When people talk about ROI, they generally refer to a monetary comparison between the one investment versus other options. A simple look at the formula to calculate ROI confirms this.
Yet, improved performance and efficiency can translate in a variety of ways that may or may not result in a difference in size of your wallet at the end of the financial year. It’s important to look at ROI as a gauge, but it’s equally important to realize that it also has its limitations.
It is common practice to identify 4 different areas that should be considered when discussing ROI.
We already mentioned money. When our clients talk to us about the way the introduction of a Project Management Tool changed their ROI, they usually mention that they avoided the necessity to hire another person. Companies that introduce a Project Management Tool manage to complete more work in the same amount of time.
Tip: Did you know the Proworkflow ROI calculator can help you calculate how much time and money Proworkflow is saving you.
Time is money. And it shows in the way we already mentioned the time factor in the above Money area. The reason for that is simple. Hiring an extra person means adding another salary. Finding ways to work time-efficient is extremely beneficial to a company’s finances and I doubt you will encounter a person who argues with the fact that a good project management software does exactly that.

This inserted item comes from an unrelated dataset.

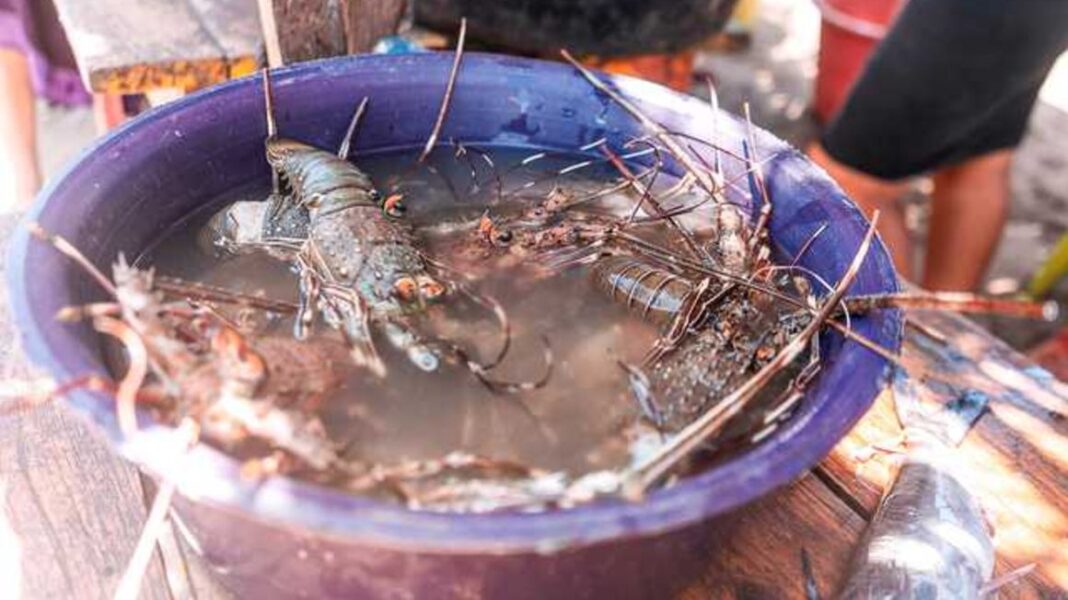 Iqbal Abdallah: Tana River Farmer Making Up To Ksh 800,000 Monthly Profit From Innovative Lobster Farming Ventures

One of the biggest reasons why projects fail is because of lack of or miscommunication. This is the exact reason why a good project management software should incorporate a collaboration and communication tool.
Improvement in communication and collaboration is probably not as easily measured as the amount of time and money that was saved. But it could well transpire in these areas, as well as in customer satisfaction.
You probably can’t put a monetary value on the benefits of organizing a project in the most effective way. But the results of streamlining and standardizing a project (hurray to the template!) has a significant impact on both the people involved as the efficiency in which the project is run.
But these days, even more factors are considered when discussing ROI.
Not all that long ago additional terms such as SROI (Social Return on Investment) were introduced to explore a more rounded view in which an investment can bring an improvement on a social or environmental level. The introduction of LED lights for instance might be such a consideration. The cost may negatively impact traditional ROI, but the environmental consideration might be positively appreciated.
And then, although not directly linked to project management, there is the way clicks and shares in Social Media campaigns are valued but not necessarily translate in an improvement on the time nor the money front (or at least not directly). It’s just another example how ROI has become a much wider multi-faceted concept than it was traditionally viewed.
What’s fact is that we live in a changing world and perception of what is success or improvement is redefined with it. A project management tool is no doubt part of that changing world.